Task to complete
Give the listing again in full and exactly, apart from its pictures.

Source material
================
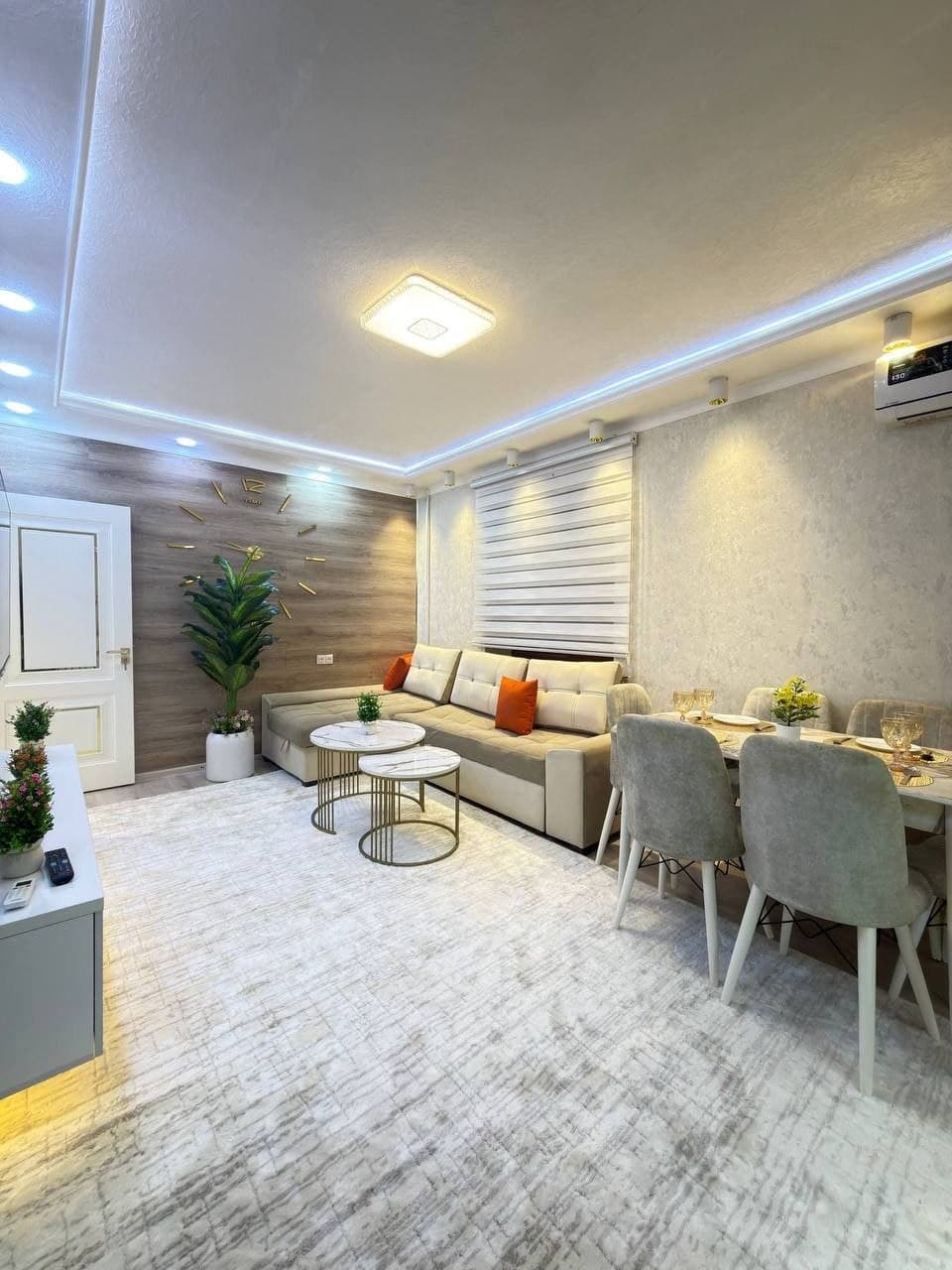 ®🏡 **МУКИМИЙ ‼️ 1в2 / 2 / 4**✨ **Метро НОВЗА яқинида — жуда қулай жойлашув!** — 3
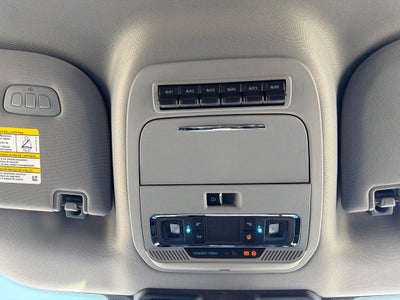 2026 Ford F-350SD Lariat Ultimate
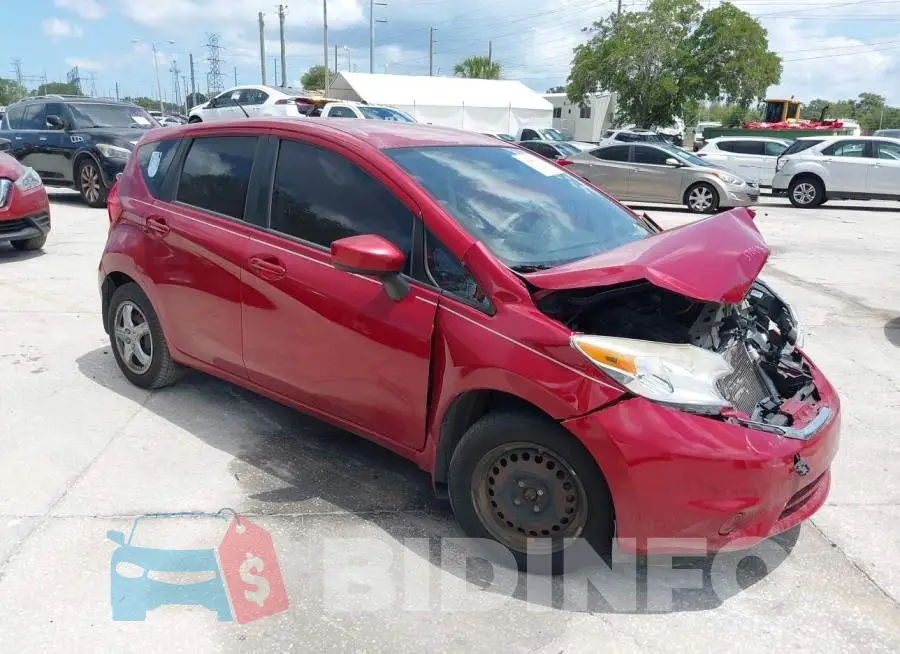 3N1CE2CP3FL416934 Photo# 1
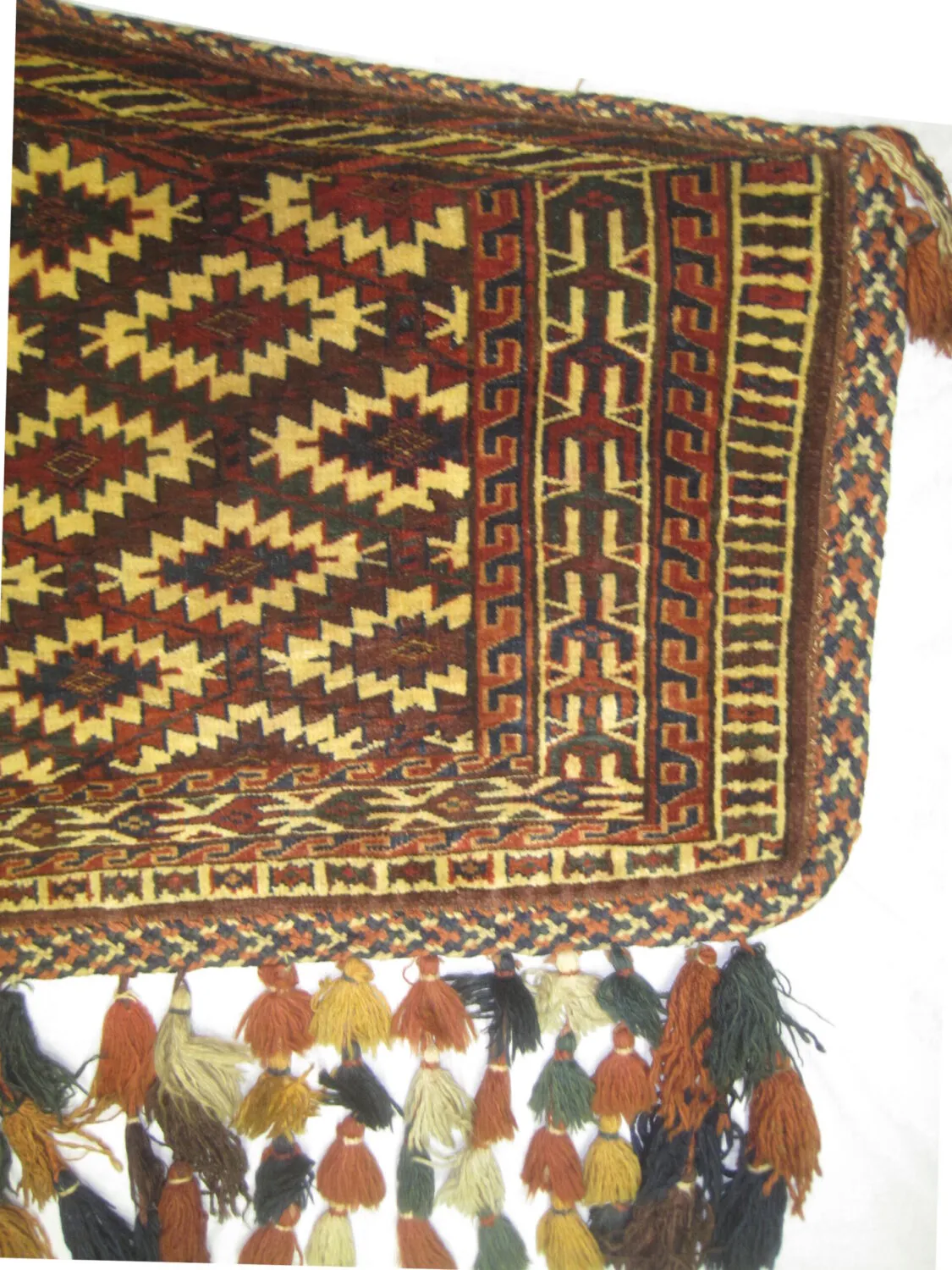 Yomut Asmalik Turkmen - Image 2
================
Answer box
 ®🏡 **МУКИМИЙ ‼️ 1в2 / 2 / 4**✨ **Метро НОВЗА яқинида — жуда қулай жойлашув!** — 3
 2026 Ford F-350SD Lariat Ultimate
 3N1CE2CP3FL416934 Photo# 1
 Yomut Asmalik Turkmen - Image 2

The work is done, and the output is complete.